En Siria, puede que el catalizador sea el propio régimen. Simular la guerra entre facciones es una de las tácticas preferidas del Gobierno. En marzo, la milicia shabiha intentó crear una brecha social en Latakia fingiendo que eran un grupo de matones suníes que disparaban contra zonas alauíes y un grupo de matones alauíes que aterrorizaban los barrios suníes. Los sirios dicen que el régimen está armando a aldeas alauíes y confiando en que se repita la situación de los 80, en los que existió un auténtico problema de violencia sectaria representado por los Hermanos Musulmanes, a los que derrotó en la matanza de Hama en 1982.

El peligro del simulacro es que puede convertirse en realidad. Si el régimen no se desintegra a toda velocidad, el Estado desaparecerá poco a poco, y entonces es posible que tomen la iniciativa matones de los que se granjean la lealtad de las comunidades locales a base de garantizar los servicios básicos y vengar a los muertos. Si la violencia prosigue al ritmo actual mucho tiempo más, es fácil que se formen milicias locales y partidistas, y que los suníes reciban dinero del Golfo Pérsico.

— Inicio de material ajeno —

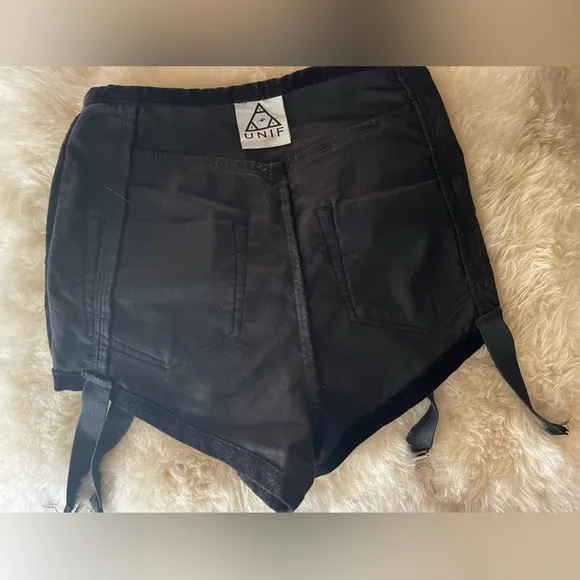 Rare UNIF Velvet Garter Shorts — Archived — Size S — Perfect Condition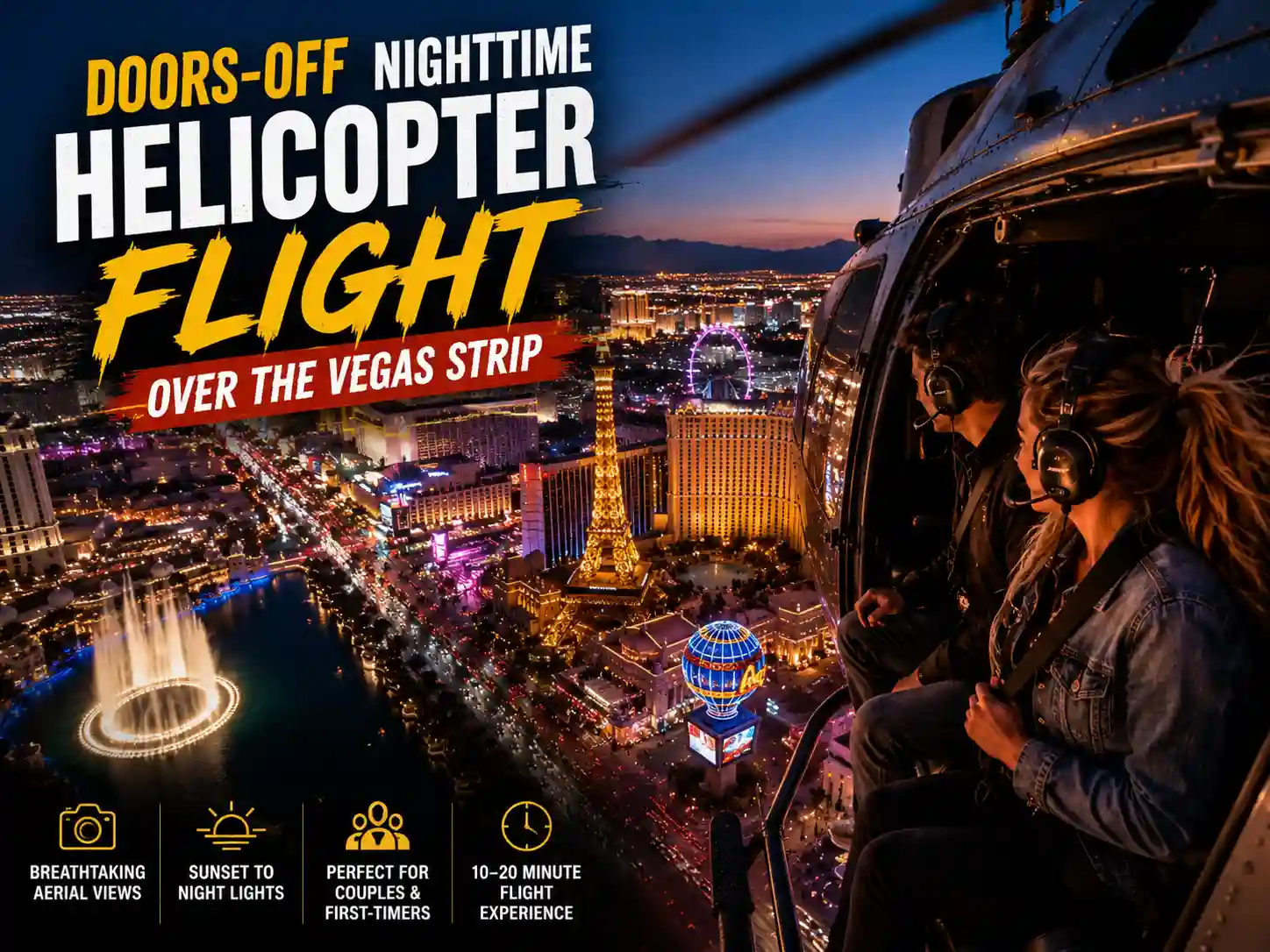 Flight Over the Vegas Strip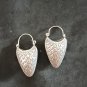 Fine Silver Earrings Sterling 925 Dangle 12g Strawberry Huggie Charms 24158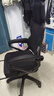 朗域轩品人体工学电竞椅人工力学座椅久坐护腰宿舍游戏电脑椅子可躺写字椅 【升级四向腰托】骁骑黑丨乳胶-3级气杆-脚踏 120-155度(含) 联动扶手 四向腰托 实拍图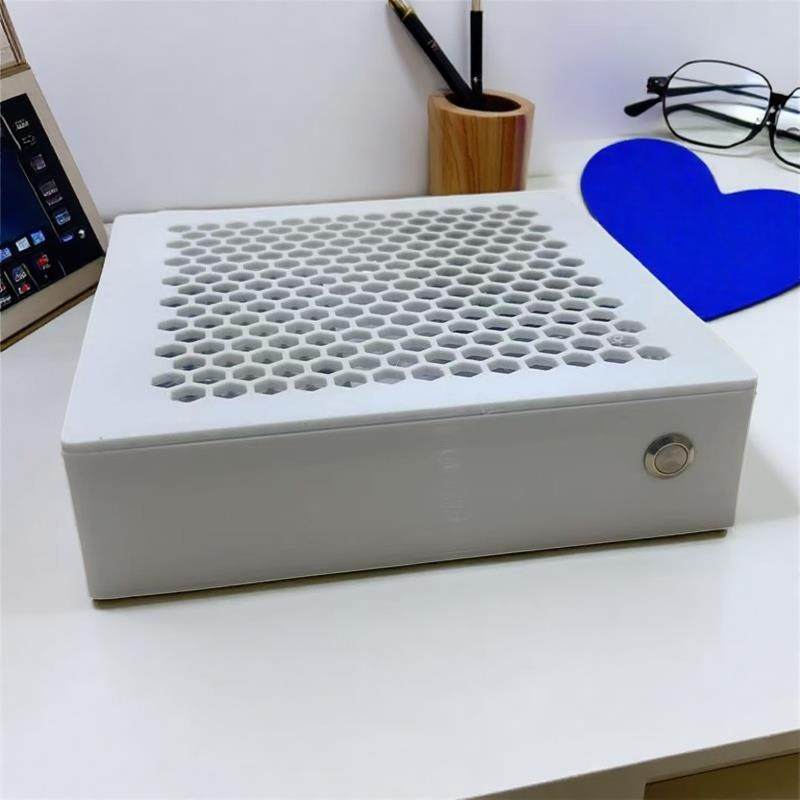 ITX小机箱迷你紧凑塑料3D打印机箱DIY显核电脑板载DC工控主板便携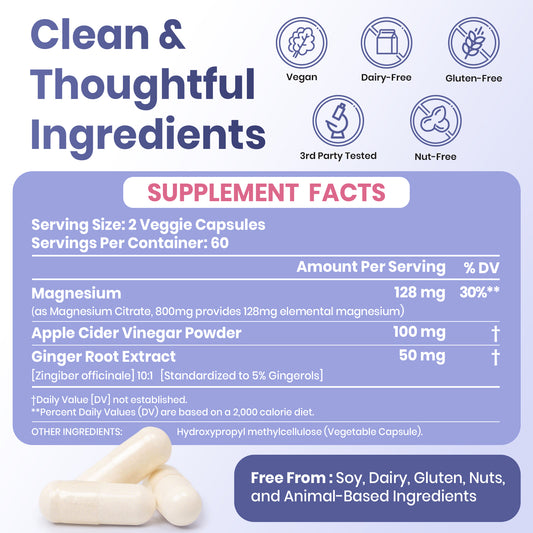 VEV DeepCalm Magnesium Citrate – Gentle Digestive & Muscle Support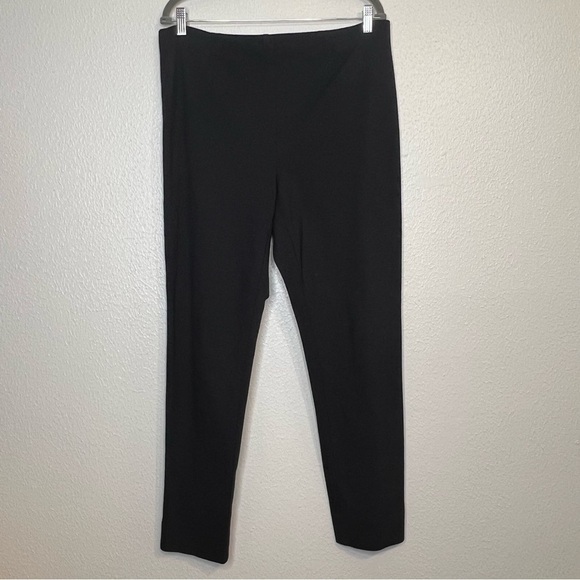 J. Jill Ponte Slim Leg Pants Black Pull On Womens Size Medium Casual Career - Picture 12 of 14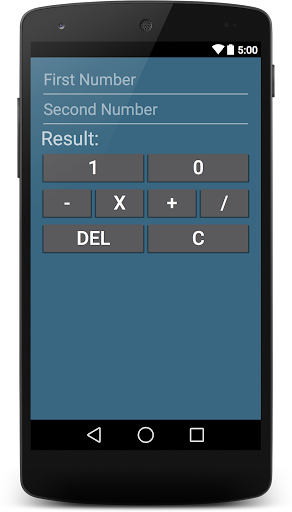 Simple Binary Calculator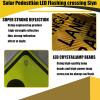 Kindevieft 24"/30" Solar Pedestrian Crossing Sign Flashing,Street Traffic Warning Sign with Solar Powered, Aluminum Ip65 Weatherproof Crosswalk Signs for Urban Road, School 24in view 4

Esta posibilidad sería un desastre para los sirios de toda condición. Las repercusiones se harían sentir en Líbano (que probablemente se vería arrastrado a la refriega), Palestina, Irak, Turquía y más allá. Asimismo podría dar nueva vida a los grupos nihilistas wahabíes que han perdido relevancia gracias a los nuevos aires democráticos en la región.

Confiemos en que el grano estalle antes de que se produzca ninguna de estas guerras. Puede que la economía sufra una caída catastrófica y, en ese momento, prácticamente todos los sirios tendrían que escoger entre la revolución y morir de hambre. Sometido a presiones constantes, el régimen puede autodestruirse a base de conflictos internos o rendirse cuando las deserciones en masa hagan imposible la opción militar. Todavía no está claro de qué forma estallará el grano. Lo que parece indudable es que el régimen no va a conseguir que Siria vuelva al redil.